Last June, cricket and rugby union were left without a broadcasting partner in the region after major sports broadcaster OSN announced it would no longer be purchasing rights to broadcast sport because of piracy and beoutQ. Without immediate intervention to tackle beoutQ and piracy more widely, it is inevitable that more will follow. Given its global stardom, the Premier League—although devalued by the pirate network—is unlikely to be cut adrift by Middle Eastern broadcasters, but for the UK’s less watched football leagues and sports, dark clouds are beginning to close in.
Formula 1 has already succumbed to the scandal, with beIN Sports admitting that piracy costs left the broadcaster with no option but to withdraw its coverage of the sport.
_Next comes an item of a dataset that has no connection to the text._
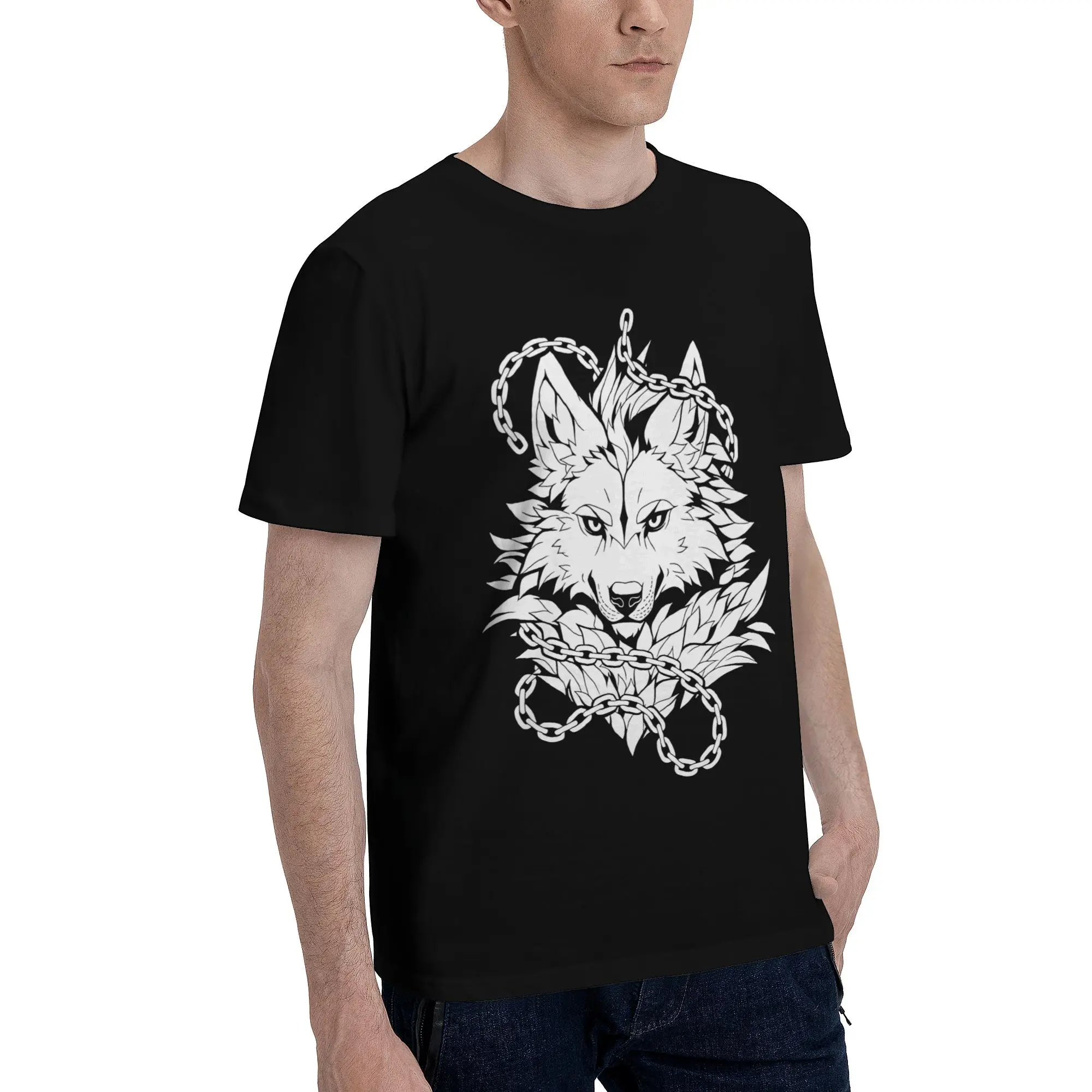 Darc Wolves Sport New Arrival T Shirts Men Women Wolf & Chains Pure Cotton  Tee Shirt Clothing DM019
Without immediate UK Government action, the sports and entertainment industries are on a collision course with a serious financial black hole. If this is allowed to continue, no credible international or domestic broadcaster will consider paying full price for broadcast rights to British sport and entertainment, only to have their investments stolen as soon as they are aired.
The government’s reluctance to take action will be a particularly bitter pill to swallow for UK businesses who are scarcely spared the rhetoric that the Middle East and North Africa is exactly the kind of rapidly growing market that post-Brexit ‘Global Britain’ is primed to reap the benefits from.
In fact, Dowden’s own serving Junior Minister for Media and Data John Whittingdale once called for the UK Government to “tackle piracy head on and take decisive action against one of its largest purveyors, Saudi Arabia’s beoutQ”. Writing in the Daily Telegraph, he said “this pirate channel is carrying out the most widespread piracy operation the world has ever seen, which will devalue our content and destroy grassroots funding for sport and the arts in the UK unless it is stopped”.
For Whittingdale and Dowden, the Newcastle United takeover is a gilt-edged chance to put the foot down—to push the pause button on any deal until Saudi Arabia calls full-time on the flagrant theft of Britain’s creative talent, and those responsible held to account. Instead, they’ve taken their eye off the ball at the crucial moment—leaving the Premier League to carry the can.